Kini/Dube                                                     [Page 1]

Internet Draft                                              April 2000

1 Introduction

    OSPF [Ref1] is a link state routing protocol designed to
    run internal to an Autonomous System (AS). The OSPF protocol
    enables each router to learn the topology of the network. This
    topological information is used by the router to compute the
    shortest path to each destination. The shortest path is used to
    associate each destination with the appropriate next hop. This is
    the information needed by the forwarding function in a router.

    To generate the topology of the network, each router generates its
    local connectivity information i.e. its connection with networks
    and routers adjacent to it. Each unit of this information is called
    a link state advertisement (LSA). All the LSAs put together
    constitute the topology of the network. Any change in the topology
    (caused by a link/interface going-down/coming-up) is conveyed by
    generating a new LSA. The OSPF protocol reliably propagates a newly
    generated LSA to all the routers in the network. Also when a router
    establishes a new adjacency it synchronizes all LSAs with its
    adjacent router. The network and CPU bandwidth requirement of the
    OSPF protocol is primarily to propagate LSAs.

    A newly generated LSA is propagated throughout the network by the
    'flooding procedure'. The flooding procedure ensures reliability in
    propagating the LSA to all routers in the Autonomous System.
    Reliability is achieved by acknowledgments and
    timeout/retransmission of the LSA. To propagate an LSA each router
    establishes a protocol state with every neighboring router. This
    state is called an 'adjacency'. The propagation of LSAs take place
    over an 'adjacency'. Thus the LSA travels one hop at a time. An
    LSA received over an adjacency is handled by the
    'flooding procedure'. It transmits the LSA over other adjacencies
    as required. On broadcast networks and NBMA networks (operated in
    the NBMA mode) the number of adjacencies is reduced by electing one
    router on that network as a designated router (DR) for that
    network. All routers on the broadcast network or NBMA network
    establish an adjacency only with the DR of that network. Since the
    DR is critical for propagating topology information, the protocol
    operation can be disrupted for some time if the DR goes down and a
    new DR has to be elected. Hence a backup DR (BDR) is also elected
    for a broadcast or NBMA network. All routers establish an adjacency
    with the BDR as well. The DR concept reduces the number of
    adjacencies by an order (from O(n^2) to O(n)) and a
    corresponding decrease in protocol traffic and processing
    requirements.

    This draft describes a technique to reduce redundant information
    for a fully connected subgraph of the network. The organization
    of the sections is as follows. The database synchronization
    procedure of the OSPF protocol is explained in detail in
    Section 2. Section 3 examines how and why redundant information is
    generated by the flooding procedure.

Kini/Dube                                                     [Page 2]
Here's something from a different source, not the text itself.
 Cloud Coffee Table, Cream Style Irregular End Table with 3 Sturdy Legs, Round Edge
Internet Draft                                              April 2000

    Section 4 discusses approaches to reduce this
    redundant information. Section 5 outlines the
    implementation details for LSA reduction in a mesh group topology
    using configuration information. Examples for different configuration
    is given in section 6. Section 7 concludes the draft.
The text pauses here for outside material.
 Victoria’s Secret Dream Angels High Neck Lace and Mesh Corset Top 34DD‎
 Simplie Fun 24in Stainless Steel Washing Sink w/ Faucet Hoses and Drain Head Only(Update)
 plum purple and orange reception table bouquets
2 OSPF database synchronization

    Synchronization of the network topology database in the routers is
    the primary function of OSPF protocol. Each piece of the topology
    is described in a link state advertisement (LSA). OSPF defines 5
    types of LSAs. LSAs are sent over adjacencies. An adjacency is a
    protocol state established between neighboring routers. OSPF
    packets are exchanged over an adjacency to synchronize the
    topological database. OSPF defines two procedures, one to bring up
    an adjacency i.e. initial synchronization of the database, and
    another to maintain the synchronization i.e. when there is a change
    in the topology of the network due to a node/link going up or
    coming down. Not every pair of neighbors form an adjacency.
    Adjacencies are established between routers connected by point-to-
    point networks, point-to-multipoint networks and virtual links.
    On broadcast and NBMA networks, one of the routers is elected a
    Designated Router (DR) and another router is elected a Backup
    Designated Router (BDR). All routers on that network become
    adjacent to both the DR and the BDR of that network.
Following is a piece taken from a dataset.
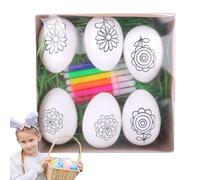 Genérico Easter Egg Painting Kit - Arts and Crafts Egg Dye | 6x5cm Paintable Eggs with Color Brushes, Paint with Mixing Tray, Decorating Kit with Stencils, Easter Coloring for Seasonal Craft Projects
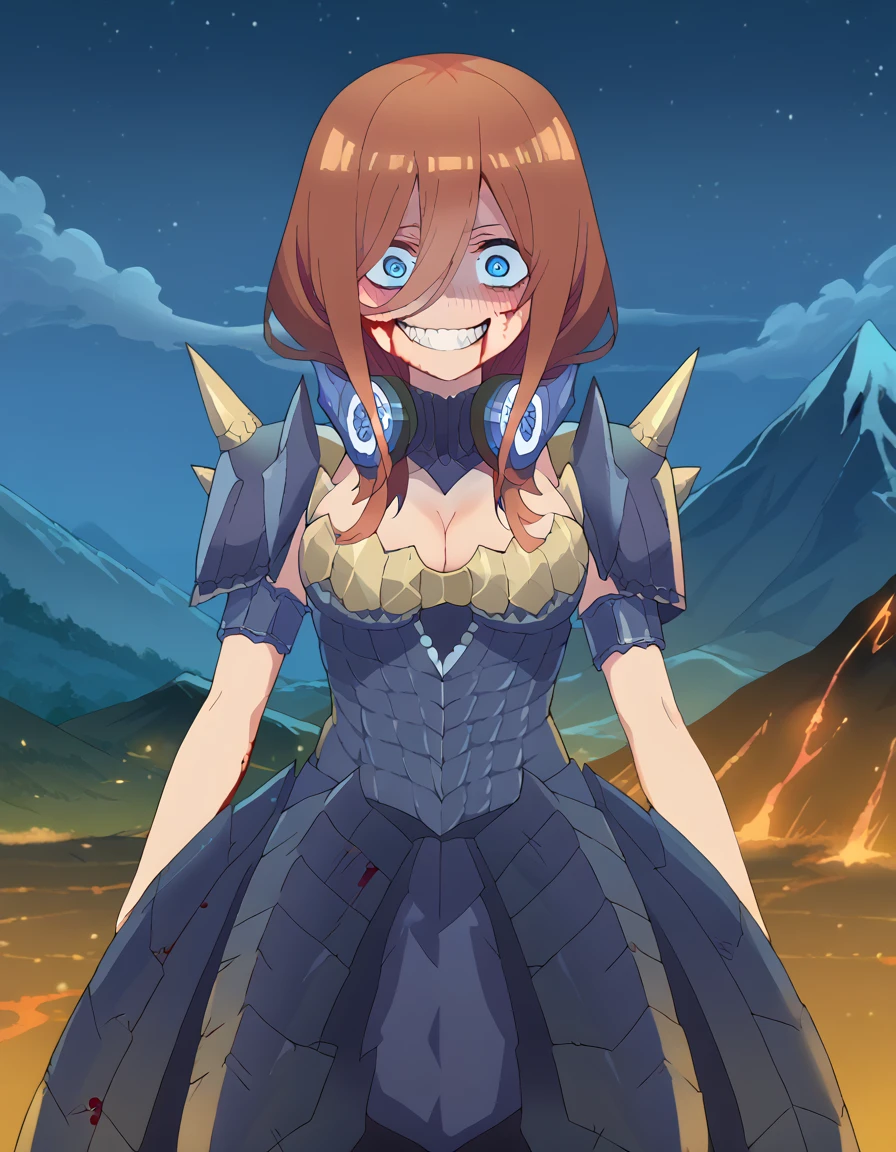 score_9, score_8_up, score_7_up, source_anime, <lora:miku-nakano-s2-ponyxl-lora-nochekaiser:1>, miku nakano, long hair, bangs, blue eyes, brown hair, hair between eyes, headphones, headphones around neck, large breasts, anime screencap, <lora:alatreon-armor-ponyxl-lora-nochekaiser:1>, alatreon armor, alatreon (armor), armlet, armor, cleavage, jewelry, pauldrons, shoulder armor, scales, spiky armor, skirt, armored dress, headwear, headgear, detached collar, blush, volcano, night, smoke, spikes,, , <lora:evil-grin-ponyxl-lora-nochekaiser:1>, evil grin, evil smile, grin, evil eyes, crazy eyes, teeth, shaded face, blood, aura, blood on face,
    OSPF employs checksums and an age field to preserve the integrity
    of an LSA. Each LSA is transmitted with its check sum. If the
    checksum doesn't match the LSA is discarded. Since several instances
    of a LSA (generated at different time instances) can simultaneously
    exist in the AS, OSPF uses the age field to determine the latest
    version of the LSA. The topology database update procedures use
    the age field to ensure that only the latest version of the LSA is
    retained and older versions are dropped.

    The initial synchronization procedure exchanges database
    description (DD) packets. The DD packets contain a summary of all
    LSAs in the router. Reliability is ensured in DD packets
    transmission by using sequence numbers and timeout/retransmissions.
    The routers then request those LSAs which they do not have or have
    less recent copies of, by putting these in a link state request
    list. LSAs in the link state request list are sent in a link state
    request (LSR) packet. The peer responds by sending LSAs in a LSU
    packet. On receiving a LSA it is removed from the link state
    request list. Timeout/retransmission of the LSR ensures reliability
    in synchronizing the LSA.

Kini/Dube                                                     [Page 3]

Internet Draft                                              April 2000

    The procedure used to maintain database synchronization on a
    topology change is the flooding procedure. Reliability is achieved
    by acknowledging the LSA with a link state acknowledgment (LSack).
    Multiple LSAs on a retransmission list can be grouped together in a
    LSU packet. Similarly multiple acknowledgments can be grouped in a
    link state acknowledgment packet. A link state retransmission list
    is associated with each adjacent neighbor. LSAs which need to be
    flooded over an adjacency is placed on its link state retransmission
    list. These LSAs are grouped and sent in LSU packets. LSAs are
    removed from the list on receiving an acknowledgment. A LSA
    received on one adjacency is flooded on all the other adjacencies
    of the router. On a broadcast/NBMA network the DR sends the LSA to
    all the routers on that network. On a broadcast network, the LSUs
    are multicast to save bandwidth.

3 Redundant LSA generation in OSPF

    The flooding mechanism of OSPF sends an LSA along every adjacency.
    This results in a router receiving a LSA multiple times. Let us
    consider a simple topology where this can happen. Consider the
    topology in Figure 1.

                           -----
                          |  A  |
                         / ----- \
                        /         \
                       /           \
                      /             \
                   -----            -----
                  |  B  |----------|  C  |
                   -----            -----

    Figure 1. Simple topology that generates redundant information

    If router A receives a LSA (say a new LSA) to be flooded. A adds
    the LSA to the retransmission list for B and C. The LSA is
    considered reliably sent to B and C after acknowledgments from B
    and C reach A. Consider the situation as seen from B. On receiving
    the LSA from A it will add it to the retransmission list of C. B
    does not know if A has reliably sent the LSA to C. Similarly, C
    will add the LSA to the retransmission list of B. Both B and C will
    send an LSU (containing the newly received LSA) to each other.
    Note, if B (C) receives the LSU before it sends the LSU to C (B),
    then it considers this as a positive acknowledgment and does not
    send the LSU itself. Hence at least one of B or C receives the LSA
    twice.

Kini/Dube                                                     [Page 4]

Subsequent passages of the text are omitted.